Par ailleurs, ce type de grille avec une entrée dichotomique visant un critère d'évaluation large de la compétence évaluée (ici la cohérence de la démarche) avant de regarder le détail du contenu. Cette entrée permet de réduire les écarts de notation entre différents évaluateurs; en effet, cela permet de restreindre dans un premier temps, les choix d'indicateurs de réussite disponibles pour le correcteur en restant sur une évaluation globale de la réponse. Cela est particulièrement utile pour clarifier la distinction entre les niveaux fragile et satisfaisant.
Exemple de grille non dichotomique. En comparant la grille dichotomique à cette grille non dichotomique, la différence de clarté entre (F) et (S) pour le correcteur est évidente.
Il existe d'autres modalités d'évaluations, comme l'auto-évaluation et l’évaluation par les pairs. L’auto-évaluation est très enrichissante, mais très chronophage (souvent plus de 20 minutes) elle ne peut donc être réalisée que ponctuellement sur des exercices ciblés.
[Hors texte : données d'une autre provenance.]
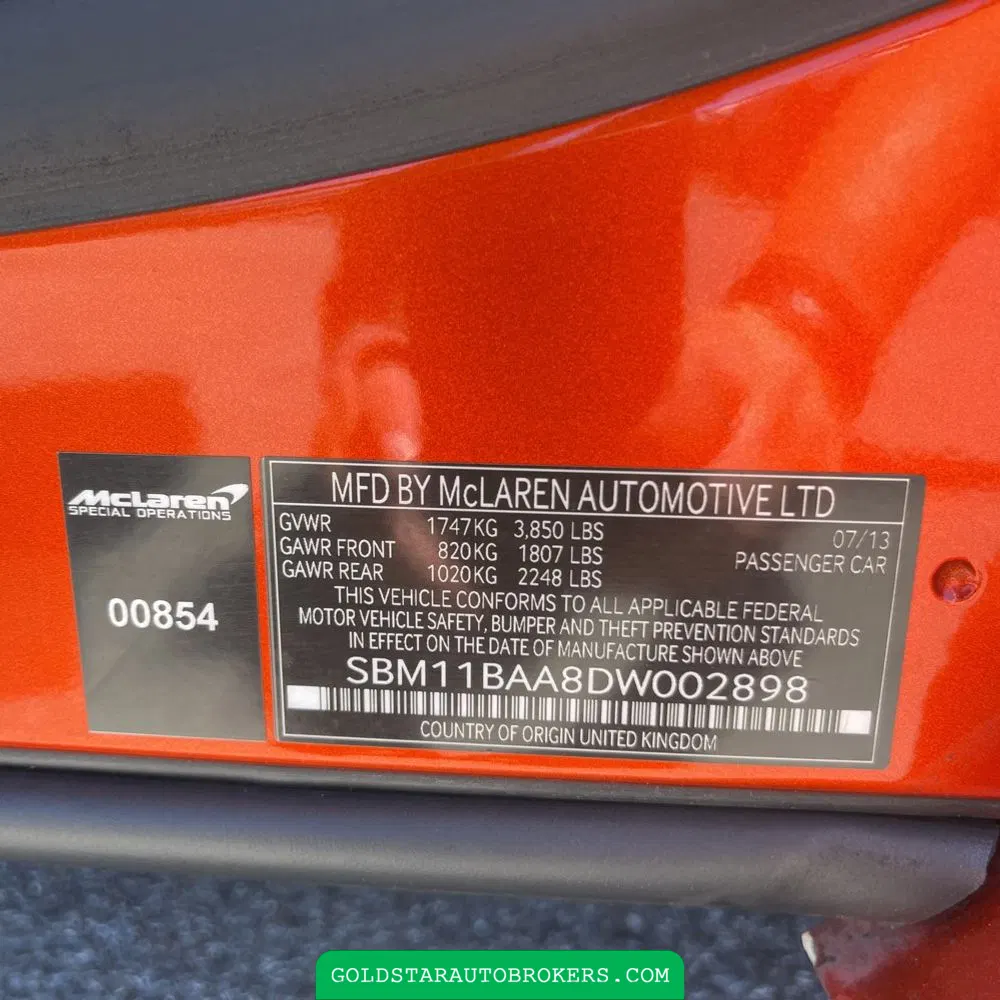 2013 McLaren MP4-12C Spider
L’évaluation, lorsqu’elle est conçue pour soutenir les apprentissages, s’appuie sur des feedbacks essentiels. Ces derniers, qu’ils soient internes (réflexion métacognitive de l’élève) ou externes (signaux verbaux et non verbaux de l’enseignant ou des pairs), guident l’élève dans la compréhension de ses réussites et de ses erreurs. Les feedbacks centrés sur la tâche, en particulier, aident à donner du sens aux activités et à encourager l’autonomie et la progression. Pour découvrir les différents types de feedbacks et leurs impacts sur la réussite scolaire, consultez l’article complet : Quelques éléments de réflexion autour des feedbacks.
L'évaluation peut être pensée comme une opportunité d’apprentissage, pas seulement comme une vérification des acquis.
CONCLUSION
Nous pouvons enrichir nos cours pour donner davantage de sens aux apprentissages de nos élèves en :
- Construisant les savoirs à travers un scénario cohérent.
- Favorisant une autonomie accrue des élèves grâce à des activités ciblées sur des objectifs clairs.
- Adoptant une démarche scientifique flexible, orientée vers la pensée plutôt que vers la tâche.
- Concevant l’évaluation comme un levier d’apprentissage.